レオンの報告を聞いて、驚愕の声を上げる。

しかし、よく考えて見ればさっきのペースで打ち続けたのならそれも当然か…と、思い直す。



「ちっ、そいつはやべぇな。今回持って来た分は他の弓師のとこにって持ってきたんだ、大体3回に1回補給すれば間に合う計算だったからな…」

「マジっすか…」



顔を顰める所長、それを見て小さく肩を落とすレオン。

正直言って、別にここで矢を射って居たい訳ではない。

ただ「じゃあ、矢を作りに戻るか」と言われるのがイヤなだけだ。

戻って矢を作って、また来て矢を射つ。

そんな面倒な事はしたくない。



「じゃあ、矢を作りに戻るか」



が、現実は非情である。

ここに居てもやる事が無いのなら、当然の流れではあるが。

レオンは露骨にイヤそうな顔をする。


(マジかよ、面倒くさい。でも、まぁ仕方ないのは分かるし)


イヤそうな顔をしながらも、身体に取り付けた矢筒を外して行く。


そして弓を兵士に返そうとした時、レオンは思った。


(あーあ、この弓が〈魔力矢〉の魔道具だったら良かったのに)


そして、その思いに応えるかの様に弓が光り出す。



「くっ…!いったい何が起きた!?」

「…あ、忘れてた」



昨晩と同じ現象、道具に対する能力〈付与〉である。

一晩経ったという事と、緊急事態だったと言う事でレオンは自分の技能スキルの事をすっかり忘れてしまっていた。

光がおさまった頃、所長がレオンに掴み掛かる。


兵士は直視してしまったようで「目がー、目がー!」と悶ている。



「おい、今のは何だ!」

「お、落ち着いて下さい!」



掴み掛かられた手を反射的に掴んでしまい、精一杯自制して話しかけるレオン。



「今のはオレのスキルです、害は有りません!」



納得はしていないようだが、一応手を離させる事には成功した。



「お前の技能スキル?…って道具創造アイテム・クリエイトじゃ無かったのか?」



怪訝な表情を崩さず、レオンへと問いかける所長。

レオンは襟を正し、小さく息を吐いて説明した。



「アイテム・クリエイトなのは間違い有りません、ですが…どうやら少しオレのは特殊なようで」



新しい〈解析〉がとか、技能スキル位階レベルがとか少し説明しづらく思い”オレのは特殊”で通す事にしたレオン。



「どうやら既存のアイテムを更にクリエイトする事で、マジックアイテムへと進化させられる様です」

「…お前さん、それはマジで言ってるのか?」



人の手による魔道具マジック・アイテムの創造、それは所長の長年の課題である。

にわかには信じられないのも、仕方の無い事だ。



「本当です!ちょっと、この弓借りますね!」



先ほど〈付与〉を終えた弓を手に取り、小窓の外へと向ける。

魔物達は、先ほどよりもこちらへと近づいている様に見えた。



「神崎流弓術・剛射一矢縫い!」



レオンは矢を番えずに、そのまま弦を引いた。

すると、淡い光が矢の形を作り出す。

そのまま手をパッと放すと、魔力で出来た矢が魔物を貫いていく。


1体2体3体…もう何体貫いたか分からない程の距離まで進み、小さな破裂音が遠くから聞こえた。



「まぁ、という訳で。

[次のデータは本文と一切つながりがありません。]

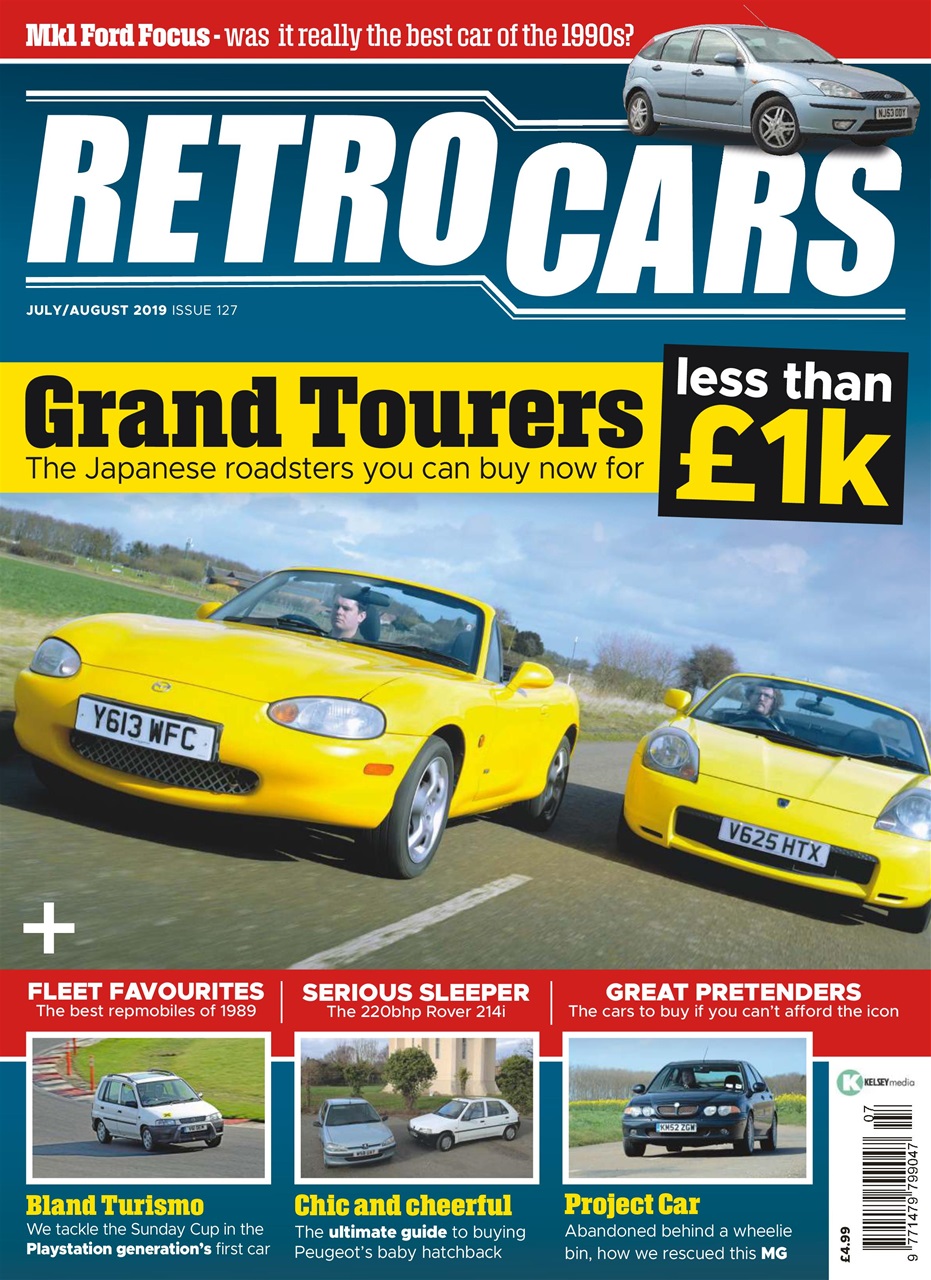 Retro Cars Preview Pages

この弓は〈魔力矢〉のマジック・アイテムになっています…所長?」



矢を放って所長へと向き直ると、目と口を『これでもか!』ってくらいに開いて驚いていた。

どこぞの神を彷彿とさせるそれは…数分間、レオンが再度魔物に矢を放っている間も続けられた。



ーーー



「いやぁ〈魔力矢〉のおかげで、初めて”爆裂矢”が出来たわー」



所長が正気を取り戻して数十分、魔物の群れを殲滅する事に成功したレオン。

爆裂矢というのは”射った矢が、標的に当たった衝撃で爆散して威力が増す射法”という、所長が聞いたら「だからそれは弓術じゃねぇよ!」とツッコミが入るであろう”師範の得意技”である。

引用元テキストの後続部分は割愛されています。